金のシャチホコの名古屋城は、今なお名古屋の街のシンボルだ。徳川美術館には、国宝「源氏物語絵巻」をはじめ数多くの美術品がある。中でも、毎年、今頃開かれる「雛道具展」は楽しい。代々の姫が輿入れに持参した雛道具を展示するのだが、本物をミニチュアにした豪華なつくりの調度や、絵が金箔をつかって描かれた貝合わせの貝もある。御三家の一つ尾張徳川家の財力を物語るようだ。
秋の「名古屋まつり」には、信長、秀吉、家康の「英傑行列」がある。実は、このあたりは戦国時代を動かした三名の出身地なのだ。にもかかわらず、名古屋は徳川の将軍を出したこともなく、日本の中心地になったこともない。人々の暮らしぶりも、豊かではあるが、冠婚葬祭以外には地味で「偉大なる田舎」と称されてきた。

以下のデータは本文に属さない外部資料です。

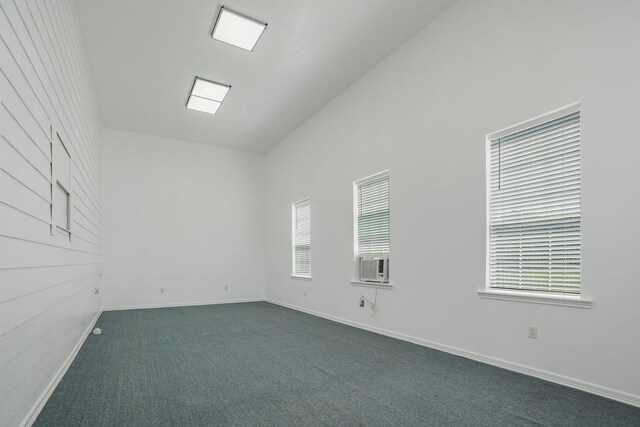 3819 Madison Ave, Baytown, TX 77523 - spare room featuring dark colored carpet, healthy amount of natural light, baseboards, cooling unit, and vaulted ceiling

ところが、最近は、世界に羽ばたくトヨタ自動車のお膝元ということで、日本一景気がよい街になってきた。名古屋駅前にも超高層ビルが次々と建ち、ブランドの直営店や豪華なレストランが人気を集めている。マスコミの注目も集めるようになってきた今後、名古屋人気質も変わっていくのだろうか?